Now we must be careful. It is important for us to recall
again what are facts stated in God' Word for faith to lay hold of and what
are not. How does God state that deliverance is effected? Well, in the first
place, we are not told that sin as a principle in us is rooted out or
removed. To reckon on that will be to miscalculate altogether and find
ourselves in the false position of the man we considered earlier, who tried
to put down the twelve shillings in his pocket as fifteen shillings in his
account-book. No, sin is not eradicated. It is very much there, and, given
the opportunity, will overpower us and cause us to commit sins again,
whether consciously or unconsciously. That is why we shall always need to
know the operation of the precious Blood.
But whereas we know that, in dealing with sins committed,
God's method is direct, to blot them out of remembrance by means of the
Blood, when we come to the principle of sin and the matter of deliverance
from its power, we find instead that God deals with this indirectly. He does
not remove the sin but the sinner. Our old man was crucified with Him, and
because of this the body, which before had been a vehicle of sin, is
unemployed (Romans 6:6).[5] Sin, the old master, is still about, but the
slave who served him has been put to death and so is out of reach and his
members are unemployed. The gambler's hand is unemployed, the swearer's
tongue is unemployed, and these members are now available to be used instead
"as instruments of righteousness unto God" (Romans 6:13).
Thus we can say that `deliverance from sin' is a more
scriptural idea than `victory over sin'. The expressions "freed from sin"
and "dead unto sin" in Romans 6:7 and 11 imply deliverance from a power that
is still very present and very real -- not from something that no longer
exists. Sin is still there, but we are knowing deliverance from its power in
increasing measure day by day.
This deliverance is so real that John can boldly write:
"Whosoever is begotten of God doeth no sin ... he cannot sin" (1 John 3:9),
which is, however, a statement that, wrongly understood, may easily mislead
us. By it John is not telling us that sin is now no longer in our history
and that we shall not again commit sin. He is saying that to sin is not in
the nature of that which is born of God. The life of Christ has been planted
in us by new birth and its nature is not to commit sin. But there is a great
difference between the nature and the history of a thing, and there is a
great difference between the nature of the life within us and our
history. To illustrate this (though the illustration is an inadequate one)
we might say that wood `cannot' sink, for it is not its nature to do so; but
of course in history it will do so if a hand hold it under water. The
history is a fact, just as sins in our history are historic facts; but the
nature is a fact also, and so is the new nature that we have received in
Christ. What is `in Christ' cannot sin; what is in Adam can sin and will do
so whenever Satan is given a chance to exert his power.
So it is a question of our choice of which facts we will
count upon and live by: the tangible facts of daily experience or the
mightier fact that we are now `in Christ'. The power of His resurrection is
on our side, and the whole might of God is at work in our salvation (Rom.
1:16), but the matter still rests upon our making real in history what is
true in Divine fact.
"Now faith is the assurance of things hoped for, the
proving of things not seen" (Heb. 11:1), and "the things which are not seen
are eternal" (2 Cor. 4:18). I think we all know that Hebrews 11:1 is the
only definition of faith in the New Testament, or indeed in the Scriptures.

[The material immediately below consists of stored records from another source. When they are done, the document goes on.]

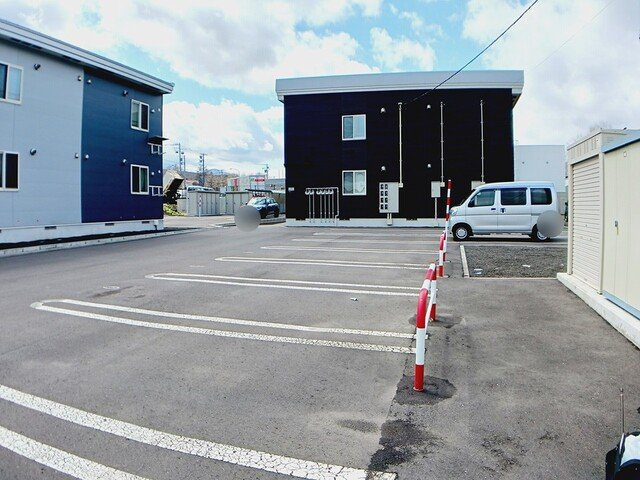 アリビオ２７の駐車場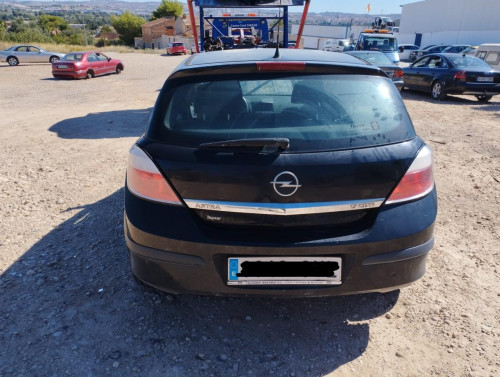 OPEL ASTRA H BERLINA — автомобиль-донор на запчасти 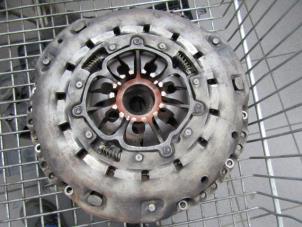 Used Clutch kit (complete) Renault Scénic II (JM) 2.0 16V Price on request offered by Snuverink Autodemontage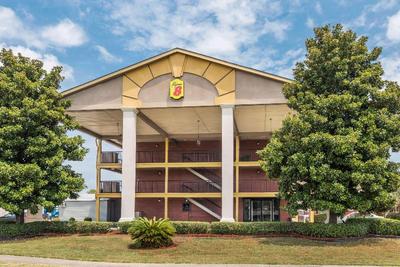 Super 8 by Wyndham Metairie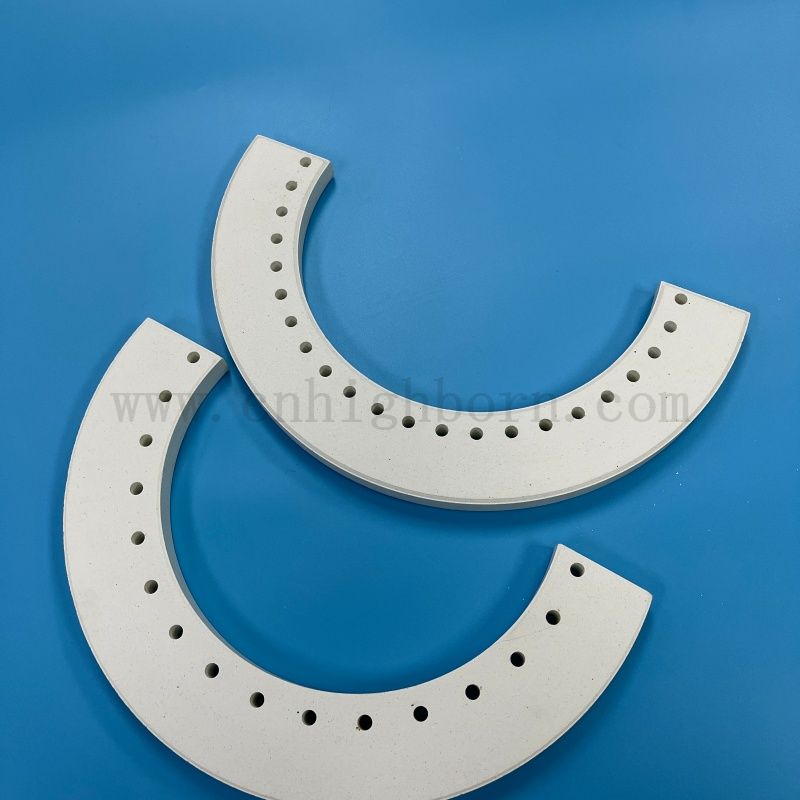 Огнеупорный корундовый муллитовый керамический изолятор панели Керамическая нерегулярная деталь для печи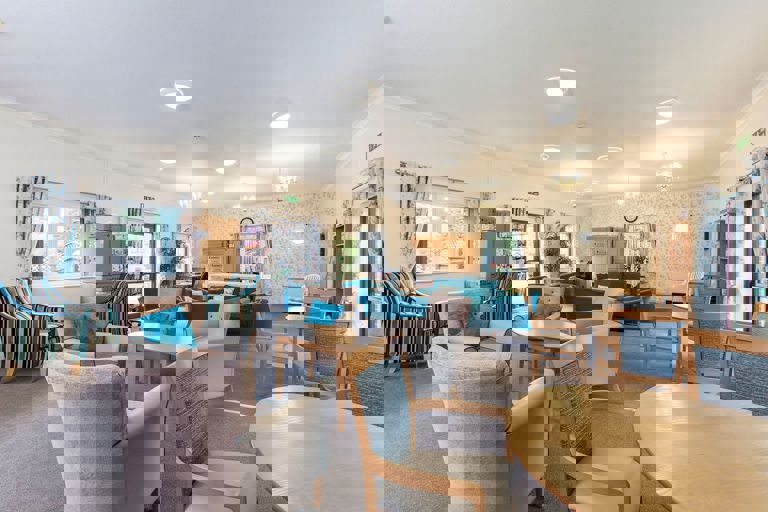 2117 Temple Court 004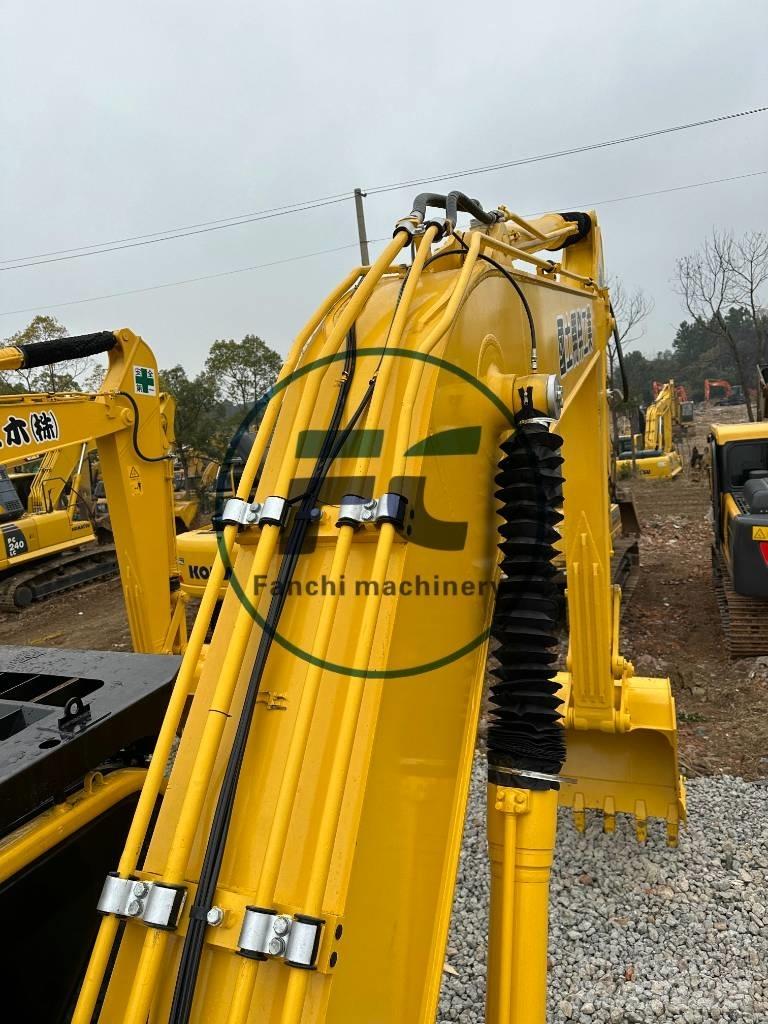 Komatsu PC 200-8 Beltegraver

It is important that we should really understand that definition. You are
familiar with the common English translation of these words, describing
faith as "the substance of things hoped for" (A.V.). However, the word in
the Greek has in it the sense of an action and not just of some thing, a
`substance', and I confess I have personally spent a number of years trying
to find a correct word to translate this. But the New Translation of J.N.
Darby is especially good in regard to this word: "Faith is the
substantiating of things hoped for". That is much better. It implies the
making of them real in experience.
How do we `substantiate' something? We are doing so every
day. We cannot live in the world without doing so. Do you know the
difference between substance and `substantiating'? A substance is an object,
something before me. `Substantiating' means that I have a certain power or
faculty that makes that substance to be real to me. Let us take a simple
illustration. By means of our senses we can take things of the world of
nature and transfer them into our consciousness so that we can appreciate
them. Sight and hearing, for example, are two of my faculties which
substantiate to me the world of light and sound. We have colours: red,
yellow, green, blue, violet; and these colours are real things. But if I
shut my eyes, then to me the colour is no longer real; it is simply nothing
-- to me. It is not only that the colour is there, but I have the
power to `substantiate' it. I have the power to make that colour true to me
and to give it reality in my consciousness. That is the meaning of
`substantiating'.
If I am blind I cannot distinguish colour, or if I lack
the faculty of hearing I cannot enjoy music. Yet music and colour are in
fact real things, and their reality is unaffected by whether or not I
am able to appreciate them. Now we are considering here the things which,
though they are not seen, are eternal and therefore real. Of course we
cannot substantiate Divine things with any of our natural senses; but there
is one faculty which can substantiate the "things hoped for", the things of
Christ, and that is faith. Faith makes the real things to become real
in my experience. Faith `substantiates' to me the things of
Christ. Hundreds of thousands of people are reading Romans 6:6: "Our old man
was crucified with him". To faith it is true; to doubt, or to mere mental
assent apart from spiritual illumination, it is not true.
Let us remember again that we are dealing here not with
promises but with facts. The promises of God are revealed to us by His
Spirit that we may lay hold of then; but facts are facts and they remain
facts whether we believe them or not. If we do not believe the facts of the
Cross they still remain as real as ever, but they are valueless to us. It
does not need faith to make these things real in themselves, but faith can
`substantiate' them and make them real in our experience.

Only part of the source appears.